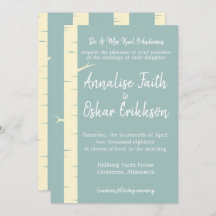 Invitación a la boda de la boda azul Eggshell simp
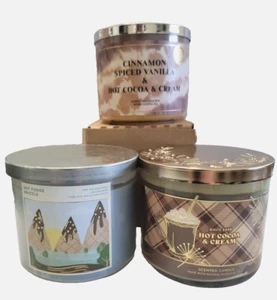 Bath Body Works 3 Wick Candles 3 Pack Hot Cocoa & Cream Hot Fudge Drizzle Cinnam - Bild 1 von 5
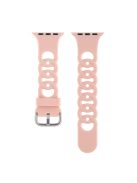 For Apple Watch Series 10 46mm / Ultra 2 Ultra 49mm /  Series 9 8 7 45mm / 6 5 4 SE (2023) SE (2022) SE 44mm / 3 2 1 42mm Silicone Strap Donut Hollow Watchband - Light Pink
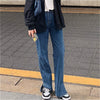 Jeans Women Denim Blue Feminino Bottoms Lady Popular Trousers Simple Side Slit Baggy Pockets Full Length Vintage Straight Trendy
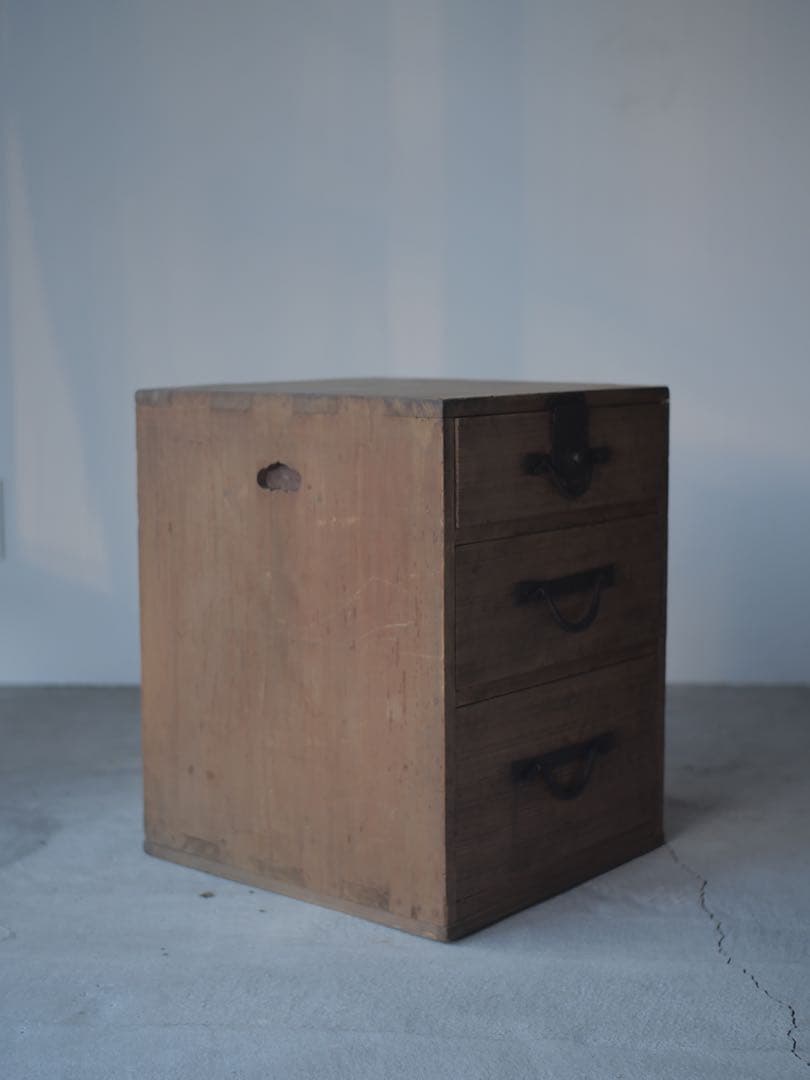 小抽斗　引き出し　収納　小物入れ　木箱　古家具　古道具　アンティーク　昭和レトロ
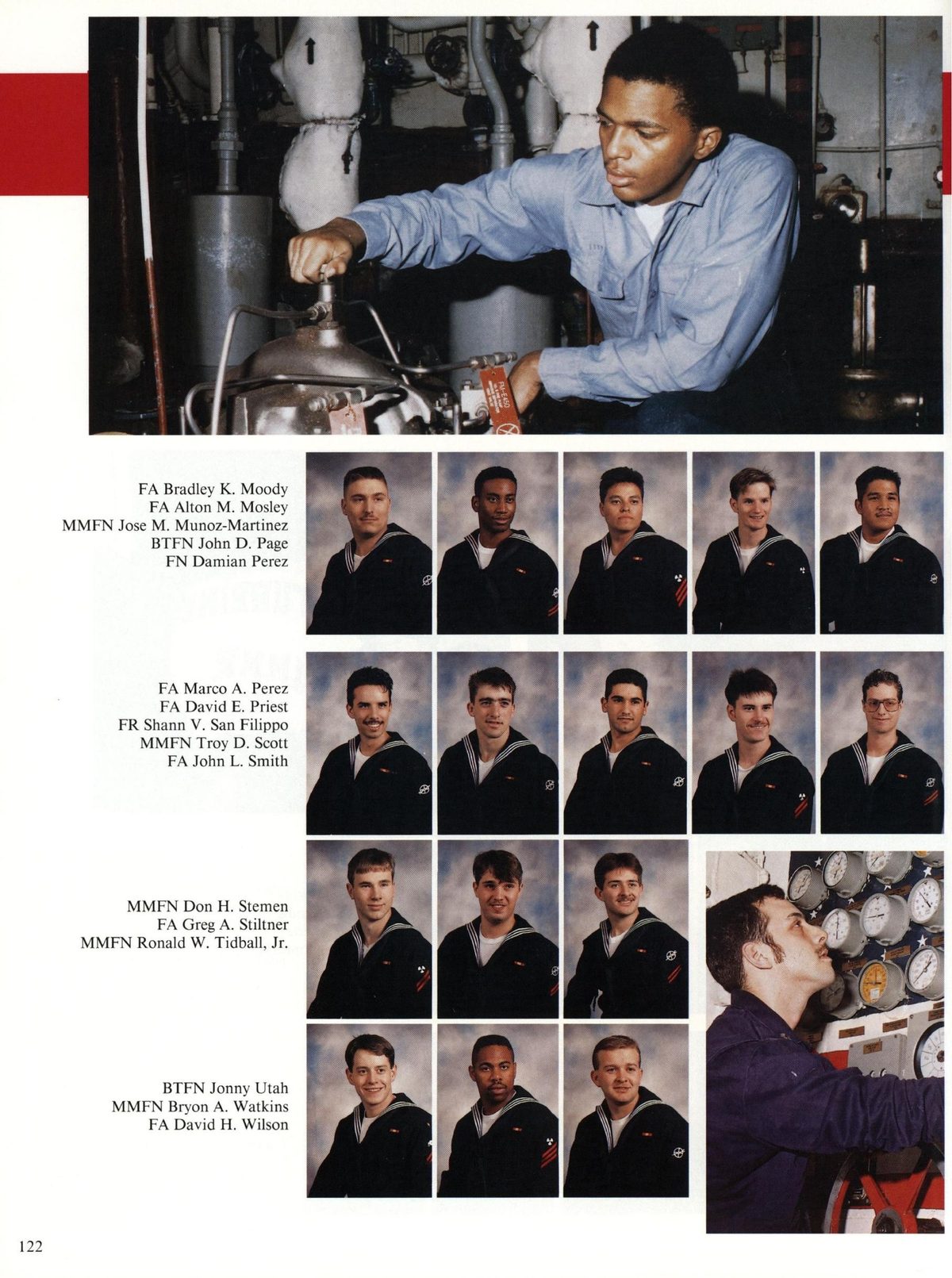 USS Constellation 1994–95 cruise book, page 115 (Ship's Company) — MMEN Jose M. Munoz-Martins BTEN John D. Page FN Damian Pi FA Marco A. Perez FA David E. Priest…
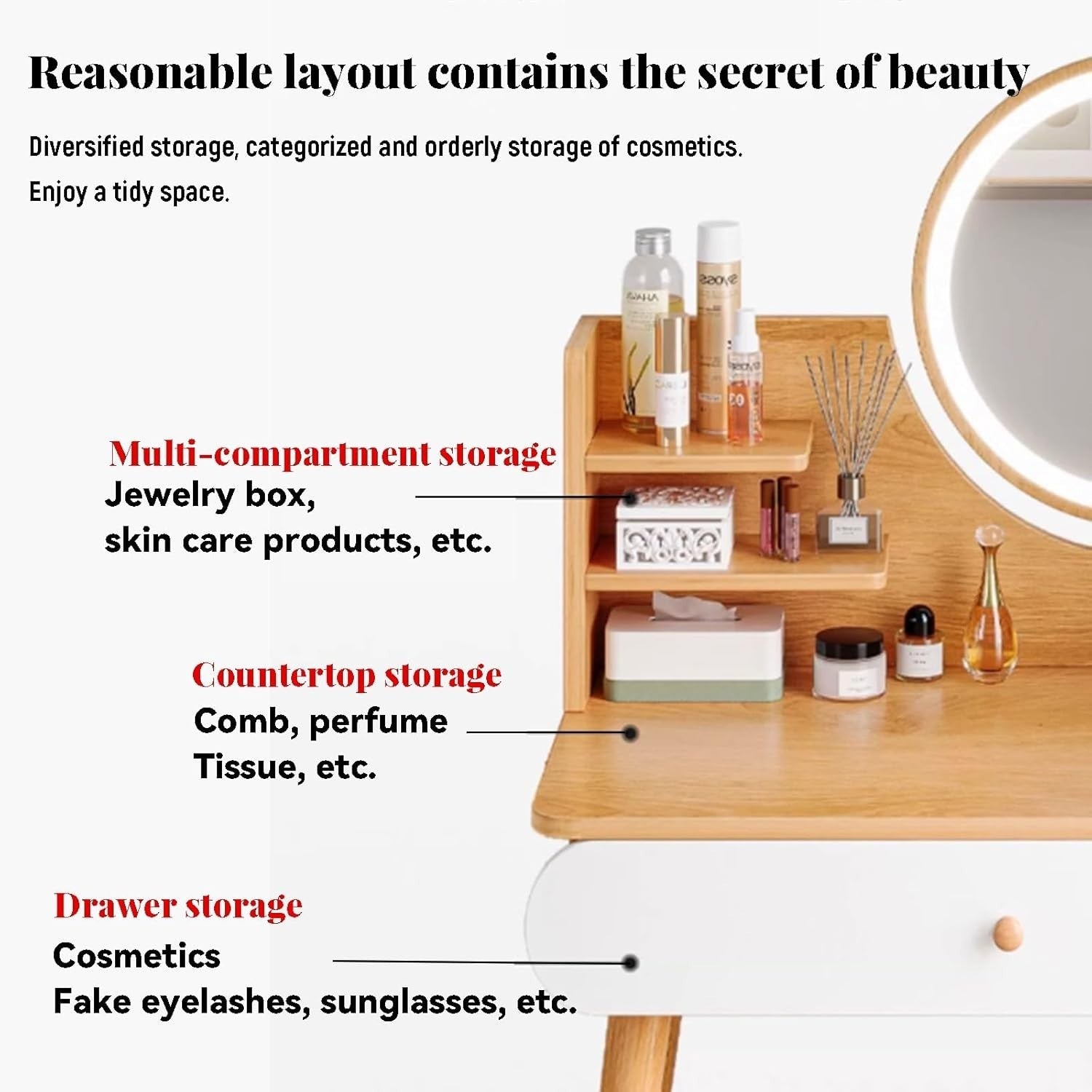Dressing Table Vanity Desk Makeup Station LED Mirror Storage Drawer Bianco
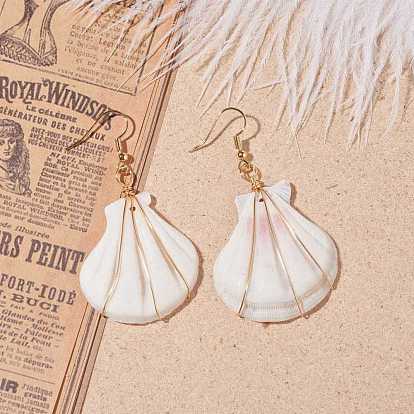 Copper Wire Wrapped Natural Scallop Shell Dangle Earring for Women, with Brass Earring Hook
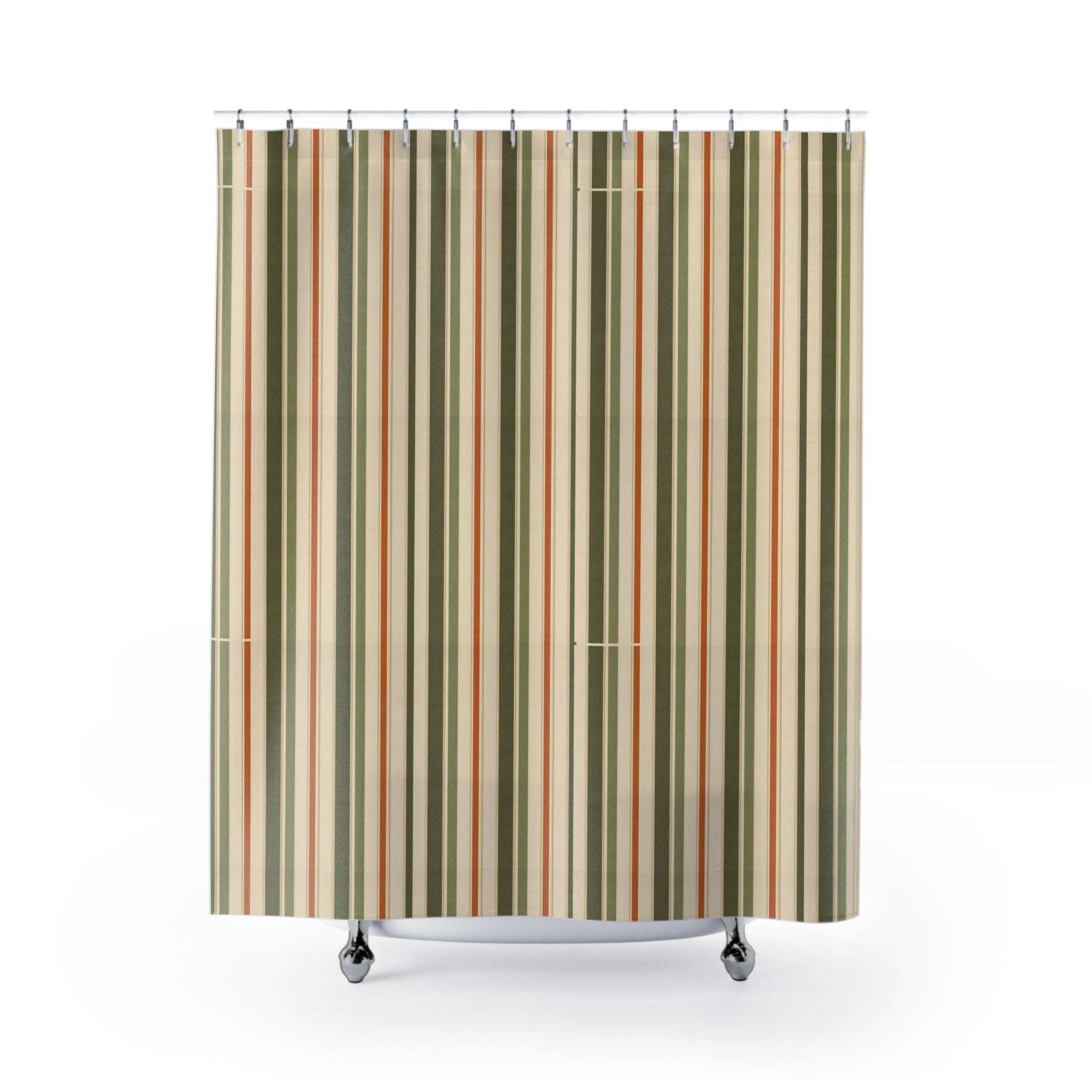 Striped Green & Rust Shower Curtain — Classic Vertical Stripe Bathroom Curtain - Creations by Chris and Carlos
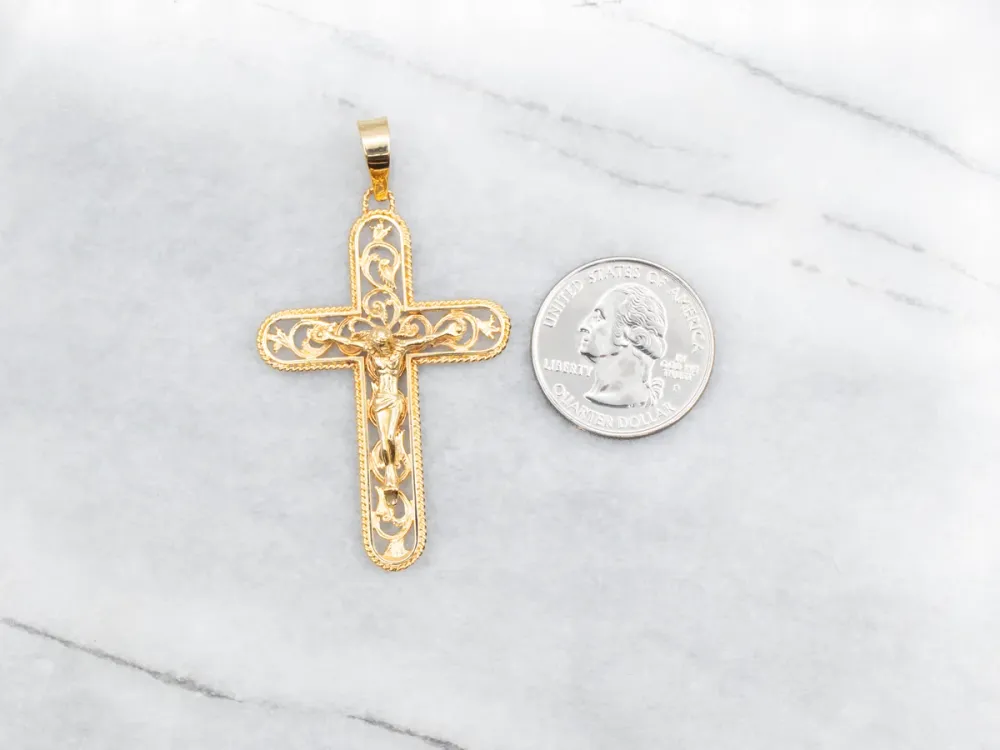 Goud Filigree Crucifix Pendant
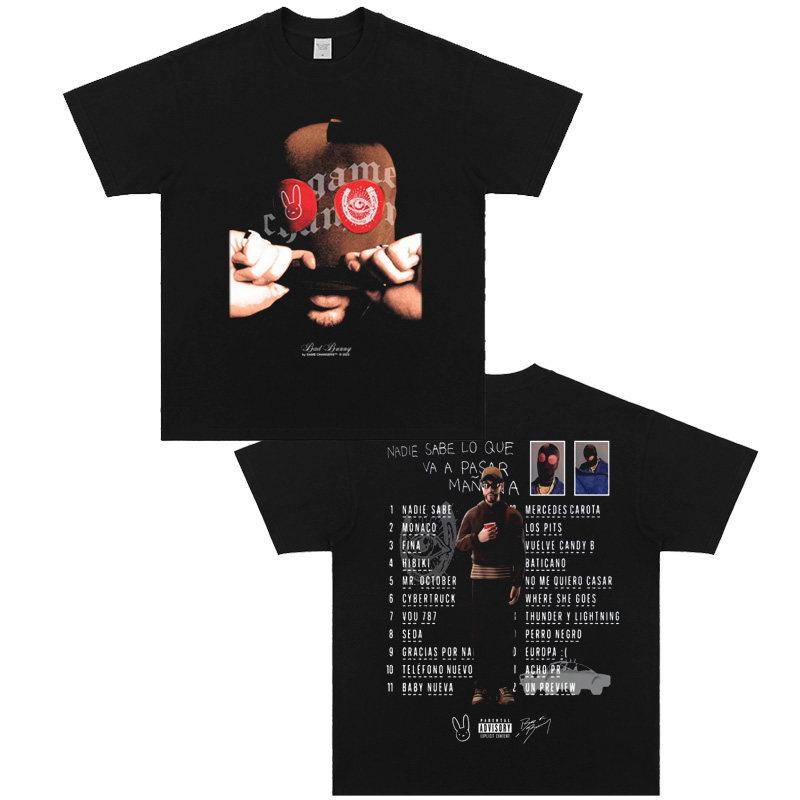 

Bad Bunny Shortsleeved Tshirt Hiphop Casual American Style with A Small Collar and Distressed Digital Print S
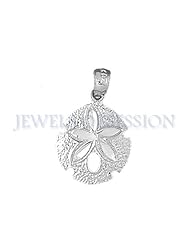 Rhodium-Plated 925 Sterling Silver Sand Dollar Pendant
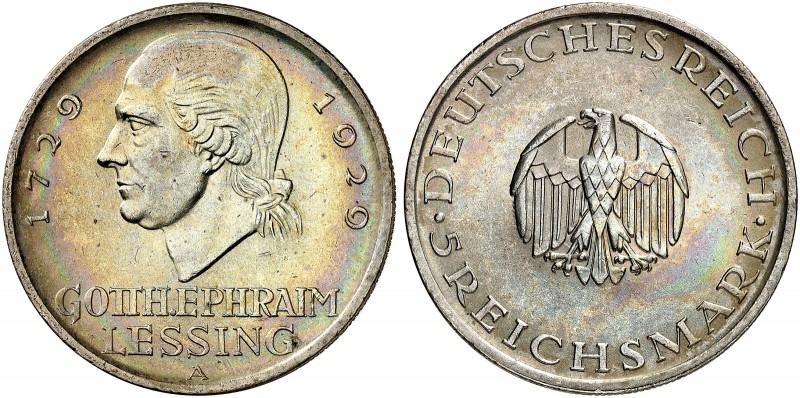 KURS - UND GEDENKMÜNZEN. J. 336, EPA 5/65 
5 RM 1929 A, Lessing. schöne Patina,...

### Action item
Each line from the top of the records through the one containing "小抽斗　引き出し　収納　小物" needs to be transcribed exactly, without pictures.

### Task response
 Invitación a la boda de la boda azul Eggshell simp
 Bath Body Works 3 Wick Candles 3 Pack Hot Cocoa & Cream Hot Fudge Drizzle Cinnam - Bild 1 von 5
 For Apple Watch Series 10 46mm / Ultra 2 Ultra 49mm /  Series 9 8 7 45mm / 6 5 4 SE (2023) SE (2022) SE 44mm / 3 2 1 42mm Silicone Strap Donut Hollow Watchband - Light Pink
 Jeans Women Denim Blue Feminino Bottoms Lady Popular Trousers Simple Side Slit Baggy Pockets Full Length Vintage Straight Trendy
 小抽斗　引き出し　収納　小物入れ　木箱　古家具　古道具　アンティーク　昭和レトロ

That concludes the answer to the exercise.